## PROBLEM DESCRIPTION
Only the lines of the listing below that run from the line with "So the first" through the line with "communication with the" are to be set down, word for word. Pictures stay out.

## ENTRIES PROVIDED
[Start of section]

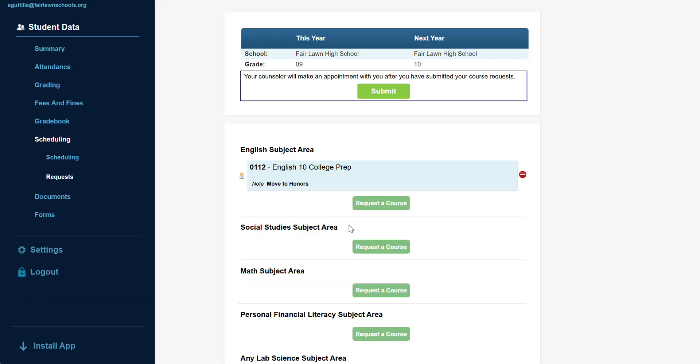All students should include at least two alternate electives in addition to their full seven course schedule.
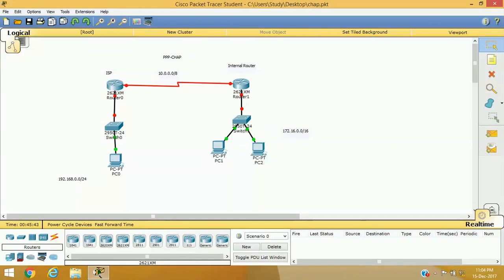Hello friends, welcome to my channel again. I am Vijay Lohar here with the second chapter of implementing point-to-point protocol in our Cisco router's WAN interface.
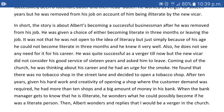He was quite successful as a verger, but the new vicar did not consider his 16 years of good service and asked him to leave. While thinking about his career, he had an urge for a smoke and found that there was no tobacco shop in the street. He decided to open a tobacco shop. After 10 years, given his hard work and creativity in opening shops where customer demand existed, he had more than 10 shops and a large amount of money in his bank.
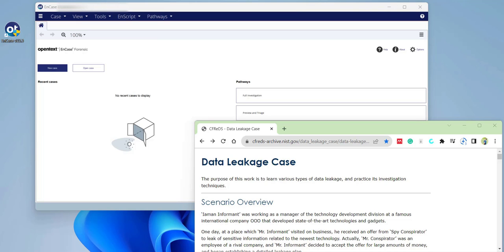Welcome back everyone. Today we'll talk about how to start a digital forensic investigation with open Texas EnCase. I am using EnCase version 23.3, the newest version of EnCase. Before we begin, we have to have the case evidence file downloaded on your machine.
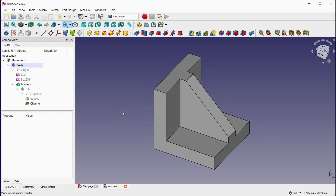You can further edit the rib by double clicking on it in the model tree to access its parameters and make modifications. Click OK to finalize.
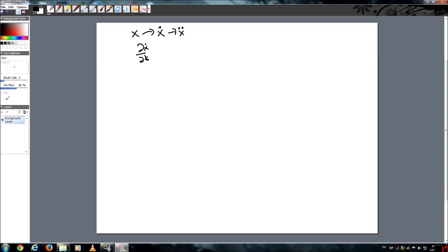So the first thing we're going to talk about is it's natural for things to move from a high concentration to a low concentration. And typically, that's how gradients work. If we have gradient of some function, it goes from high to low.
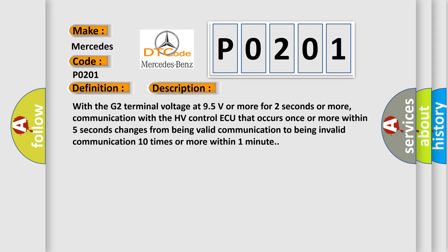communication with the HV-Control AQ that occurs once or more within 5 seconds changes from being valid communication to being invalid communication 10 times or more within 1 minute.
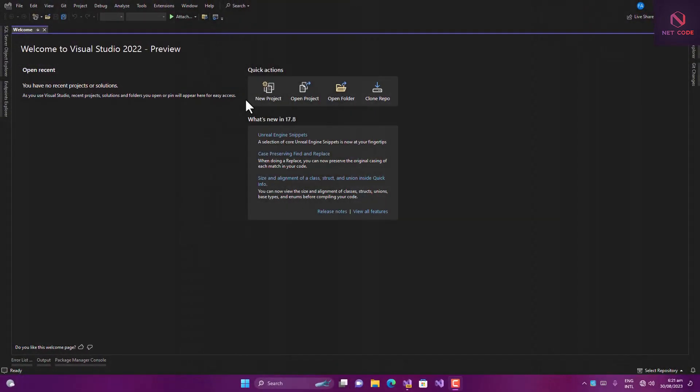Hello everyone, welcome back to Netcode Hub channel. On this channel we learn a lot of .NET lessons which comprise Blazor WebAssembly, Blazor Server app, and also .NET MAUI application. In this video we're going to talk about how to upload an image to a Web API — many people have been wondering how to do that, and in this video I'm going to cover that.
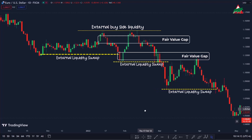Once those gaps are sorted, it's back to business as usual, and the price makes another move towards external liquidity, just like you see right here. And like a pro, it sweeps up that external liquidity with a long wick.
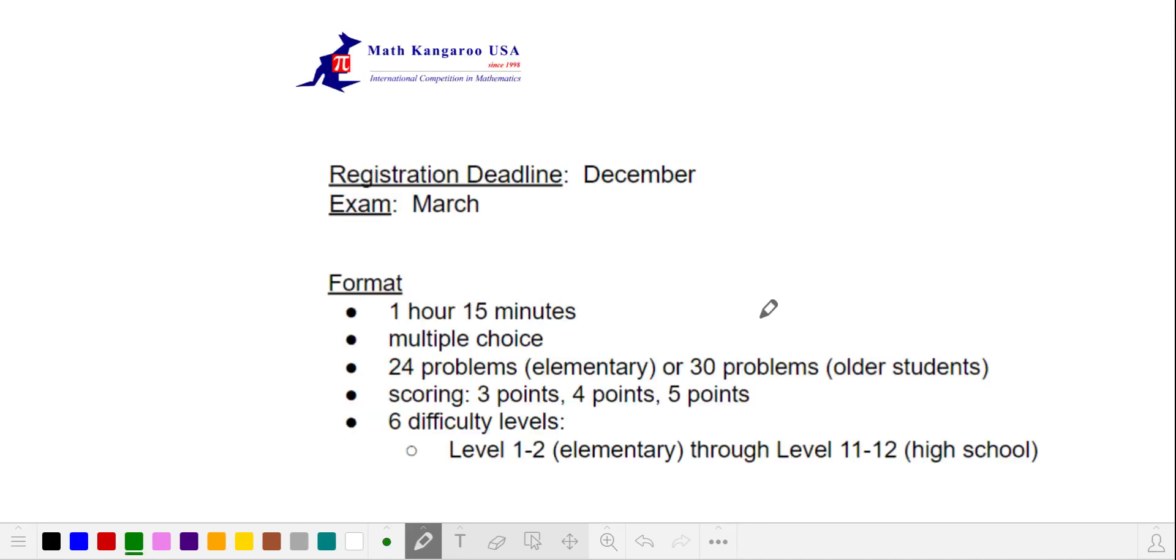Math Kangaroo is popular among the youngest students because it is the only one that is available to students in the first grade. However, it is over an hour, and sitting still that long can be challenging for younger students.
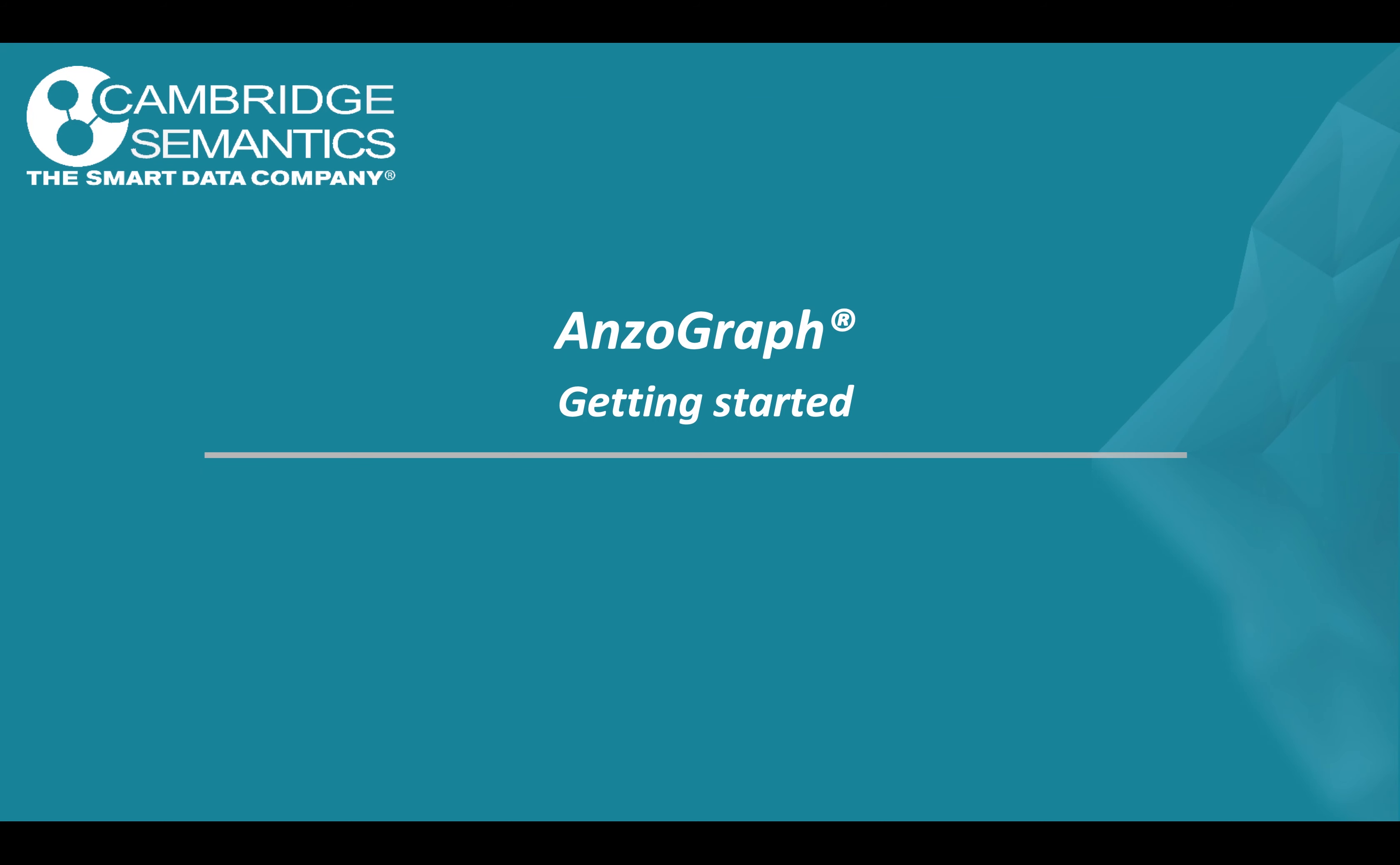Hey guys, welcome to this session on how to get started with Anzograph. Anzograph is an MPP, a massive parallel processing distributed graph OLAP database for advanced graph analytics at big data scale developed by Cambridge Semantics.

[End of section]

## EXERCISE RESPONSE
So the first thing we're going to talk about is it's natural for things to move from a high concentration to a low concentration. And typically, that's how gradients work. If we have gradient of some function, it goes from high to low.
communication with the HV-Control AQ that occurs once or more within 5 seconds changes from being valid communication to being invalid communication 10 times or more within 1 minute.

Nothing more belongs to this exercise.